Segway® Personal Transporter
Feteris Components gyros provide the enabling technology at the heart of the Segway PT

The Segway PT is instantly recognisable across the world as a unique and alternative means of transport. Its press launch in December 2001 attracted enormous attention. Its key design element - the balancing technology - had been developed and delivered by our supplier. This close relationship stemmed from previously providing the balancing gyros for the IBOT®, the equally novel balancing wheelchair, from the same inventor.Technically speaking, the Segway design is classic implementation of the 'inverted pendulum control theory' – balancing a broomstick on your fingertip is another example of the same thing.
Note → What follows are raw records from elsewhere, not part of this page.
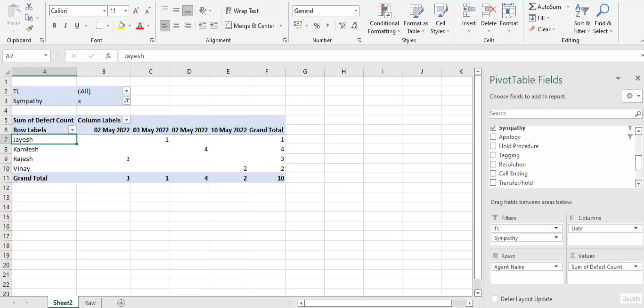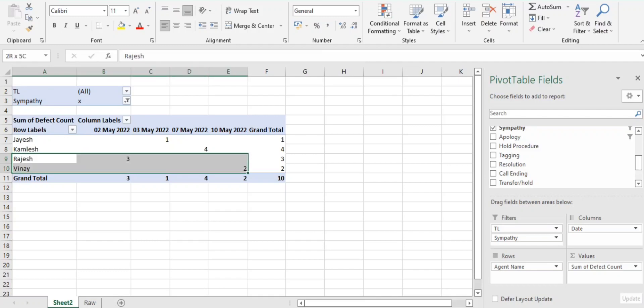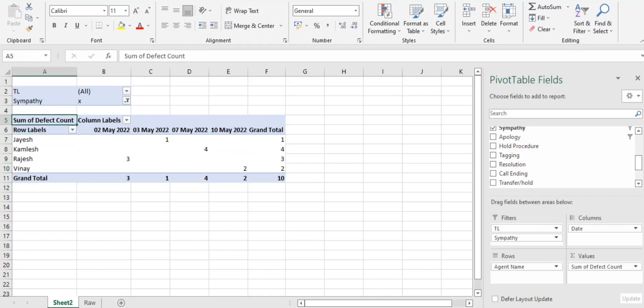So here you guys can see, this is all about sympathy. Empathy I'll just bring back to the row and I'll keep sympathy here in the filter and I'll select X. So these many errors we have received so far in the sympathy, guys. You will easily get to know, okay, where I need to focus, on which associate I need to focus, who is giving me regular dent on this particular parameter.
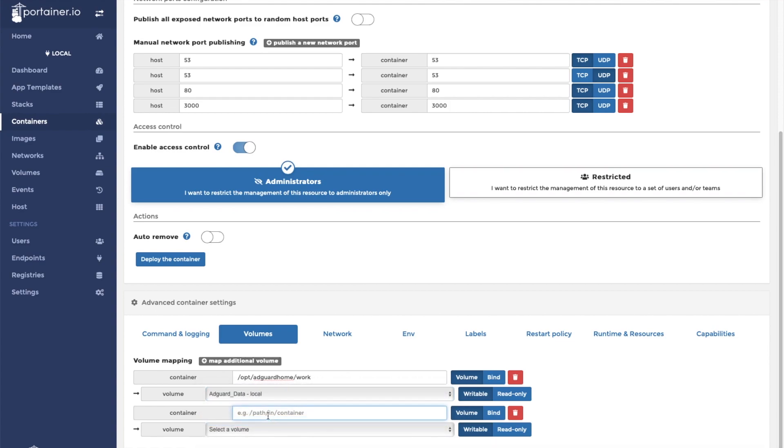Next, we will add the AdGuard config volume that we created. In the container, this volume will map to slash opt slash AdGuard Home slash CONF.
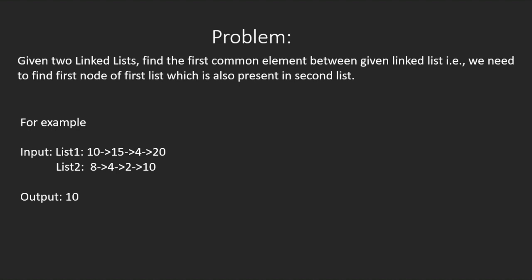For example, if the given linked lists are 10, 15, 4, 20 and in the second list 8, 4, 2, 10, then the output will be 10.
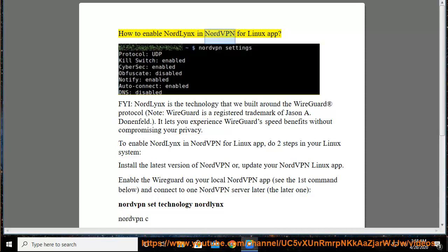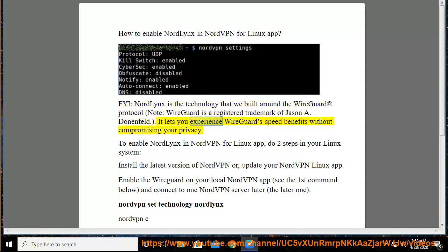How to Enable NordLynx in NordVPN for Linux App. NordLynx is the technology that we built around the WireGuard registered protocol. Note: WireGuard is a registered trademark of Jason A. Donenfeld. It lets you experience WireGuard's speed benefits without compromising your privacy.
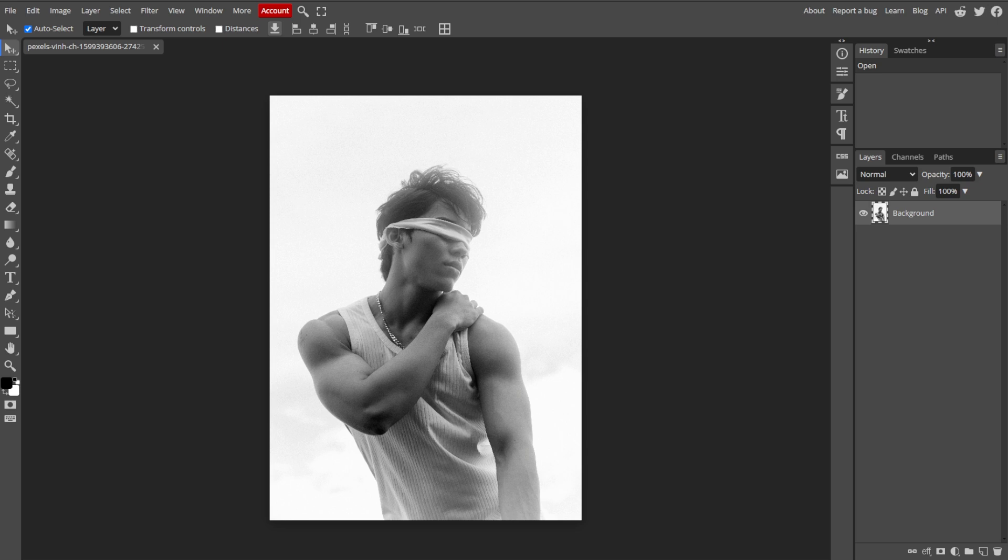Now we're going to make a selection. Use the selection tool such as the lasso tool, quick selection tool, or Magic Wand tool to select the area with rough edges.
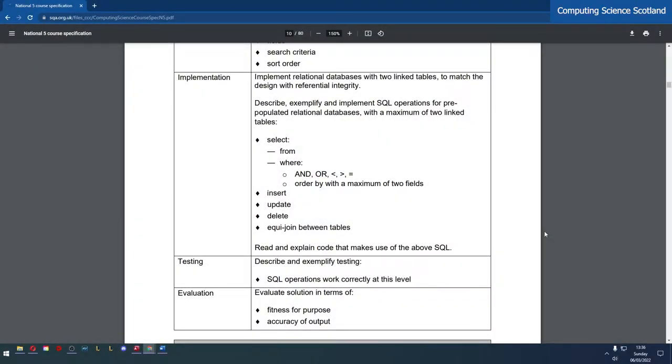Hello and welcome to lesson nine of database design and development for Computing Science National 5. Today we're looking at select queries using SQL. This is in the implementation subcategory in the course specification.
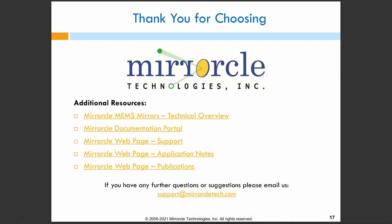This was a brief overview of three methods of driving Mirrorcle's gimbal-less dual-axis quasi-static MEMS mirrors. For a more detailed look, please look through our documentation portal, where you can find a wide range of documents. For any other questions, please reach out to us at sales at miracletech.com, or support at miracletech.com. Thank you for choosing Mirrorcle.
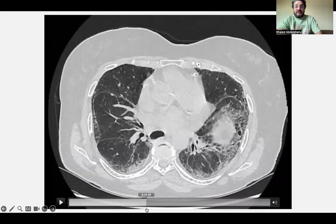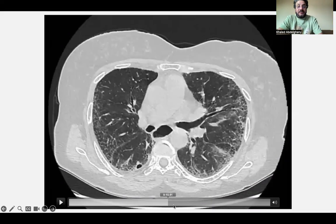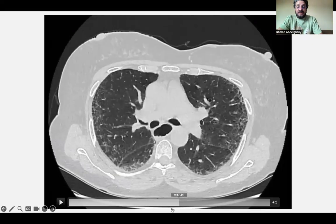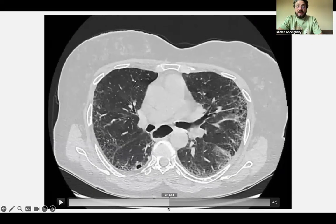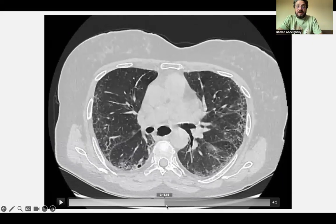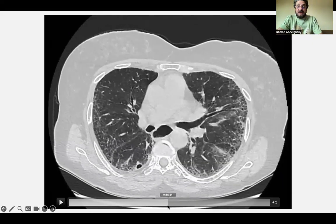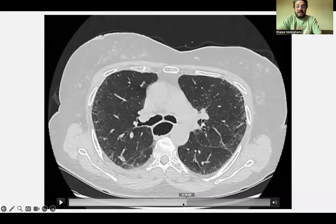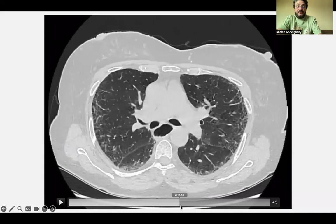Now check for bronchocentricity again. If no bronchocentricity, it will be a case of probable UIP, which is the case here. See the bronchi — they are tapering. Here there is no fibrosis, no irregular reticulation, and no ground glass opacity around the bronchus. They are tapering. So the abnormality and fibrosis is confined to the periphery of the lung.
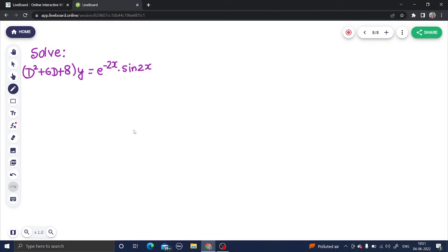Let's look at a question from differential equations. We need to solve this differential equation. The first step is always to find the complementary function, and for that we need to convert this from D-form to M-form.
But to enable an automatically-balancing system based on this theory demands the availability of sensing, processing and actuation, all of which are fast and accurate enough. And for a commercially-viable product to emerge, this further demands the availability of these technologies at affordable prices, with sufficient robustness and reliability, and being of a suitable size. The overall system concept demanded that the Segway PT could always continue to balance if a component fails, whilst providing alarms and reversionary action to ensure that the rider is able to dismount safely.
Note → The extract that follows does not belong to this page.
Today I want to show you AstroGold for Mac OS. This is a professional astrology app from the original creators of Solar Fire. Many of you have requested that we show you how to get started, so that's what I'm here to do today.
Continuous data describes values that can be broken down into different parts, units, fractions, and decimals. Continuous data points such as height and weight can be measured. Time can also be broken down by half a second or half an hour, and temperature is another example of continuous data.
Being involved from the very early days, they were able to propose and develop an innovative design, to be called the Balance Sensor Assembly, in which the size, reliability and affordability criteria were met through use of VSG3-based silicon MEMS gyro technology. A key requirement was at least dual redundancy in balance sensing – and the desire for triple redundancy in at least the pitch axis. Although not immediately obvious, the other two axes of yaw and roll also required to be sensed for the situation in which the Segway PT is balancing on a slope.
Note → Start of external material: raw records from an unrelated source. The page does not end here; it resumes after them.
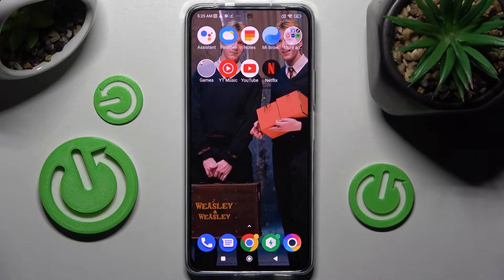Hi! In front of me is Poco F4 and today I would like to show you how you can use App Cloner on this Poco Smartphone.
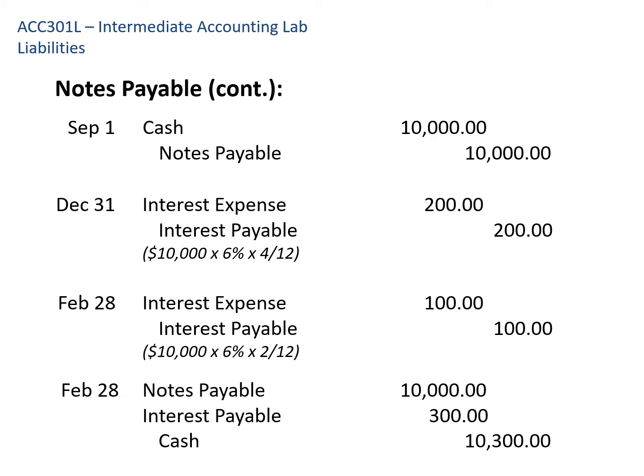On February 28th, we do the same calculation for the two months that land in the second year: $10,000 × 6% × 2/12 = $100. So we debit interest expense and credit interest payable for $100. Then we pay the note, transferring $10,300 to the bank — credit cash for $10,300. We debit notes payable for $10,000 to wipe out that account, and debit interest payable for $300 to clear the accrued interest.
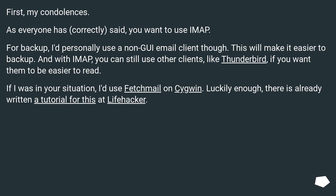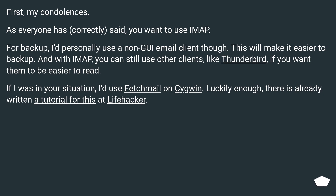First, my condolences. As everyone has correctly said, you want to use IMAP. For backup, I'd personally use a non-GUI email client, as this will make it easier to backup. With IMAP you can still use other clients like Thunderbird if you want them to be easier to read. If I was in your situation, I'd use Fetchmail on Cygwin. Luckily, there is already a written tutorial for this at Lifehacker.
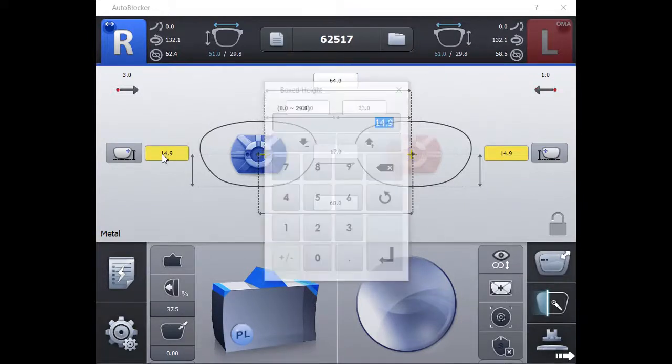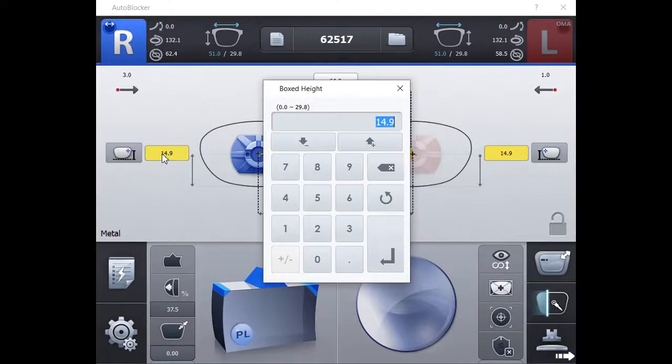The patient's boxed height can be entered. This is their OC height or SEG height or fitting height.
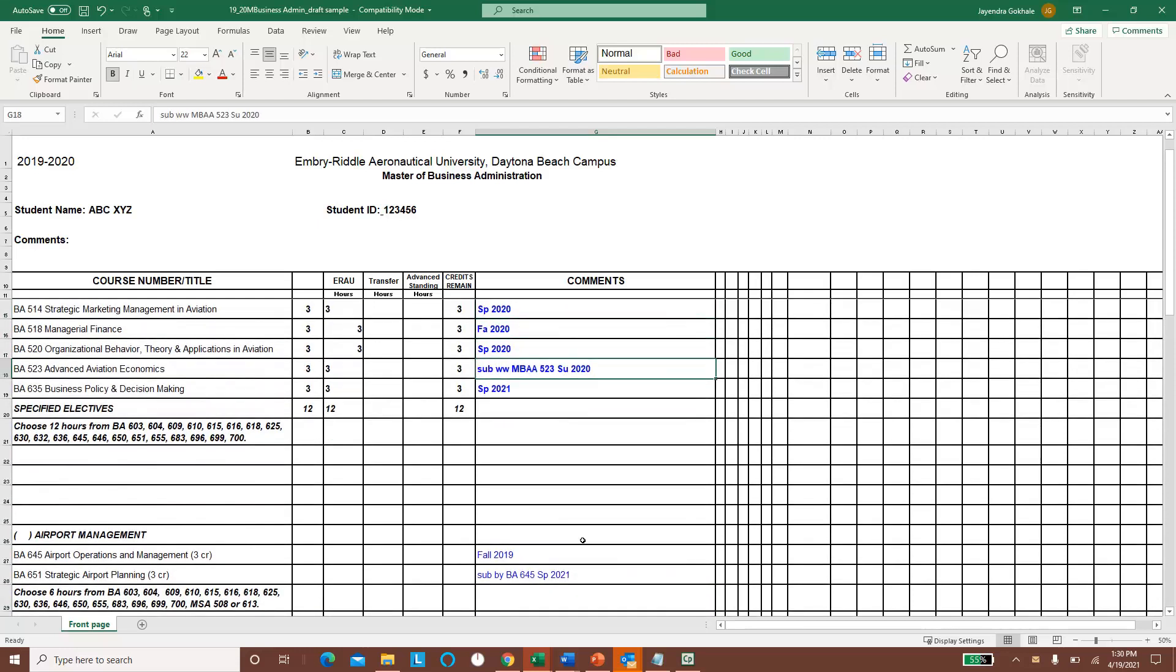And similarly, the same thing here, this student probably took a summer internship, and substituted the BA 523 class with the MBA 523 class in summer of 2020.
The resulting solution is ingenious. Rather than providing dual and triple redundancy on each axis separately, the gyros are set at angles such that, by applying trigonometry to any pair of gyros, it is possible to deduce pure pitch, roll or yaw in more than one way. In summary, the solution provides three ways of measuring pitch and two each of measuring yaw and roll. To complete the module, two dual-axis liquid tilt sensors are included which sense the true 'down' direction and thus the pitch and roll angles. Processing within the BSA – again duplicated both electrically and physically – continuously checks the sensor data and monitors for any failures.